Aside

http://www.spdlife.org/symptoms/general.html

The above link is a list of the possible signs and symptoms of Sensory Processing Disorder. If you clicked on it and actually read through the whole thing, congratulations. There went 15 minutes of your life you’ll never see again. That list is crazy long. Ridiculous.

But that’s what SPD is all about. Its a confusing disorder that many people have never even HEARD of. I know. I have it. When people ask what it is, I find it a tough question to answer. But here goes:

SPD for me is a blend of hyper-sensitivities to touch, sounds, smells, etc…. that are heightened in extreme ways when I am stressed. And most of those sensitivities exist even when I am totally calm and relaxed. Someone coming up behind me and tapping my shoulder to get my attention will cause me to react by basically jumping out of my skin. A dog licking my hand feels akin to a giant basketball-sized wad of slime being smeared across my skin. If music is playing loudly and a person is talking to me at the same time I cannot focus on the person speaking AT ALL. Its like chaos in my head. There are moments when the kids are talking and the tv is on and the kitchen sink water is running and the dog is barking and I literally stand in the middle of my kitchen with my fingers plugging my ears, breathing deep and slow, trying to stop the noise. Because in my head it all sounds like a deafening roar, all mashed together in this incomprehensible chaos of almost physical pain in my ears.

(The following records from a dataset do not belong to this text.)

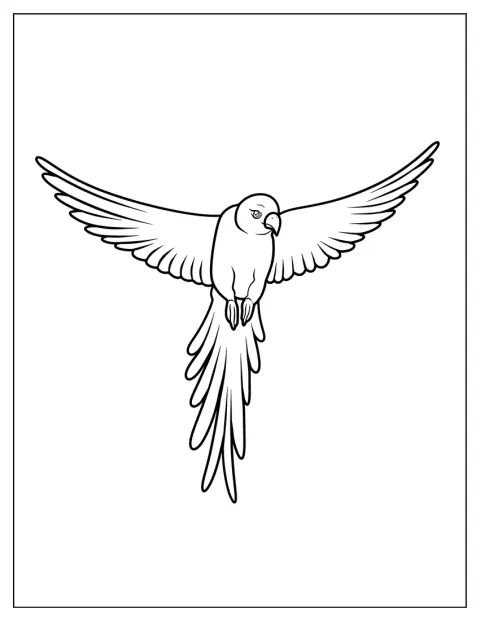 Un loro vuela con las alas extendidas y sin fondo.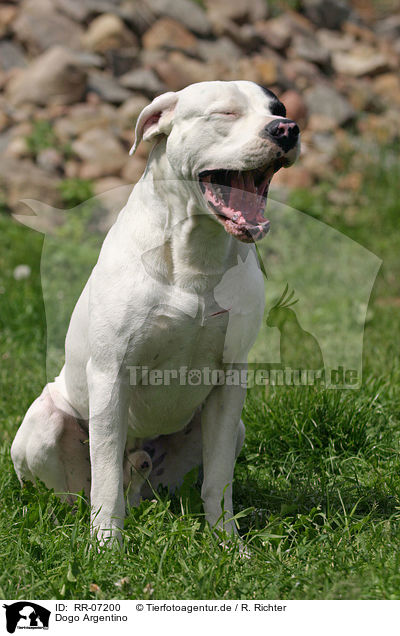 Dogo Argentino / RR-07200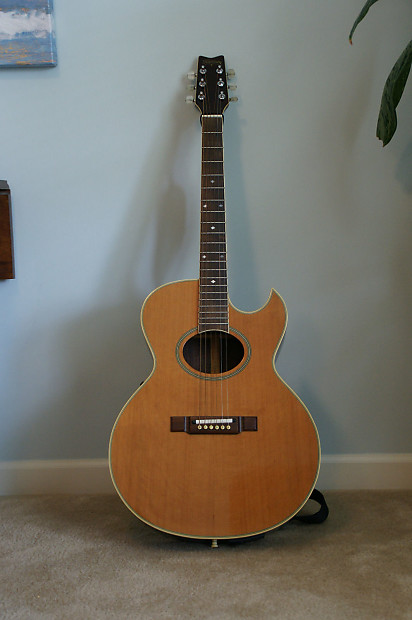 Washburn tanglewood hotsell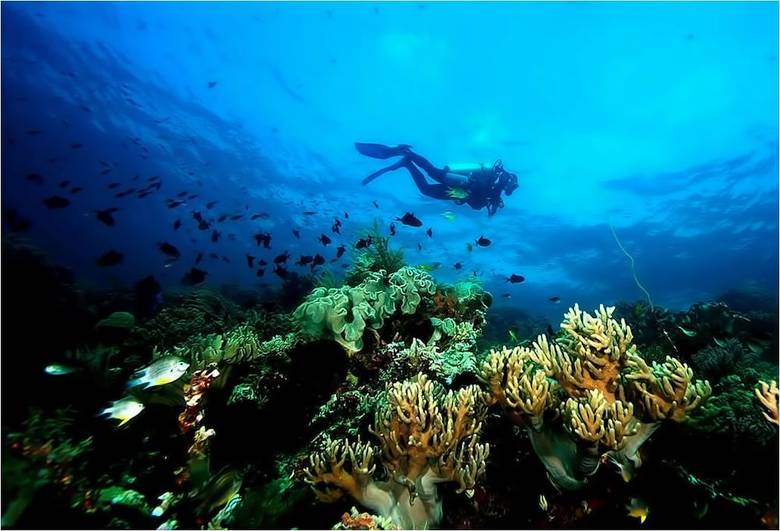 Patuno Hotel & Resort Wakatobi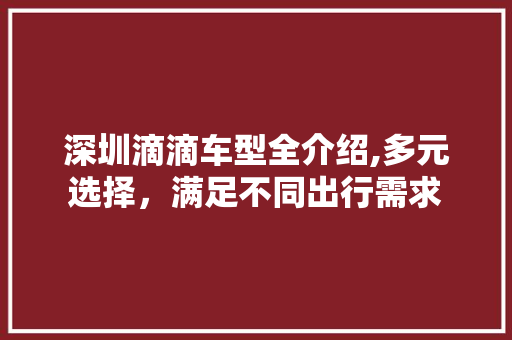 深圳滴滴车型全介绍,多元选择，满足不同出行需求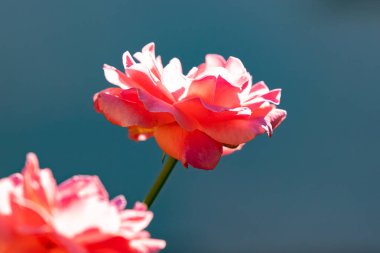 Çiçek açmış kadife bir gülün yakın plan görüntüsü. Zengin, pembe taç yaprakları çok ince detaylıdır ve çiçek yumuşak, romantik ışıkla yıkanır..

I can smell when the cat uses the litterbox from across the house. When the bathroom door is closed. The sizzle of the bacon in the frying pan sounds like the applause of a stadium. The click of the dogs claws going down the hall is obnoxiously loud. If the shower spray hits me directly in my face I feel like Im drowning. Somone splashing me at the pool with cold water feels like Im being stabbed with an Icicle. The clink of ice in someone glass and the sound of them gulping that drink…..those two sounds make me want to grab the glass from them and throw it out a window. The hum of the lights in a grocery store and that high pitched sound TVs make when they are turned on gives me a headache after awhile.

 

I’ve been told many times I am just being over-dramatic. If you have never dealt with SPD you cannot begin to understand. Its the most annoying way to live.

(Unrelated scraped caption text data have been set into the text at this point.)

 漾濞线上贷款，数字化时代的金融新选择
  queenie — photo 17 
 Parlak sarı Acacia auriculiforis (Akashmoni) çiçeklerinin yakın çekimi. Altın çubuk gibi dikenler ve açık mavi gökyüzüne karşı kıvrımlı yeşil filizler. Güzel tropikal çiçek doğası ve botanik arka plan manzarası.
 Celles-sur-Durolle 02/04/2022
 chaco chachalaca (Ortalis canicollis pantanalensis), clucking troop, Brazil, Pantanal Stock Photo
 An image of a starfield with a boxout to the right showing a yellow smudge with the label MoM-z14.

Clothing. I try on at least three outfits a day until I find something that feels right. Bra straps dig, shirts itch, jeans can be too tight around the waist……clothing drives me nuts. I tend to live in sports bras (no evil underwire stabbing me), tank tops (sleeves always sem to feel like they are way too tight and constricting), long flowing hippie skirts or yoga pants. Forget shoes. Shoes are torture. I prefer the appeal of barefeet. Which is the one way I am definitely NOT hyper-sensitive. I don’t mind the feel of grass or dirt or whatnot under my feet. I prefer it. Ive grown used to it. I wear shoes maybe once a month. And I despise them. Despise it too strong a word? No its really not. Its exactly how I feel. Shoes are torture devices.

Then, just for fun, throw SPD together with adult ADHD and OCD. That’s me. Me with all my odd idiosyncrasies. Issues. Oddities. Don’t mess with my fridge or pantry. That stuff is all organized in the most obnoxious way possible. By category AND by size. All labels facing forward, thankyouverymuch. There is a particular way to fold the laundry so for the love of god please don’t fold it. Im just going to unfold it and fix it myself. But more than likely that pile of clean laundry is going to turn into a mountain before I finally get it all folded and stacked in anal little piles. Because the ADHD will take over and Ill take off on a dozen different random rabbit trails. I always joke that having ADHD and OCD at the same time means everything in my house may look perfect, just not for very long. My teachers always sent notes home to my mom about my inability to “stay on task”. Yeah. That issue still exists.

Ive taught myself coping skills. I have  learned to write down stuff I need to do so my ADHD doesn’t make me forget it because it prefers me to remember useless crap from ten years ago. When my SPD attacks at full force I step outside alone and smoke a cigarette. I have triumphed with little things with the OCD but frankly I don’t mind that one so much. My house is surprisingly organized and tidy, especially considering I have 6 young boys. Turns out OCD can be a bit of a blessing.

So, yeah. Im a lil crazy. (Arent we all?) My boyfriend informed me last night I was “The good kind of crazy”. (This was after my OCD caused me to freak a bit while watching him organize my shelves in my bedroom. I let him do what he wanted, then came in behind him and “fixed” it.) Im not certain there IS such a thing as good crazy. But if there is, Im glad Im it. 🙂

So, who else deals with PITA stuff like this?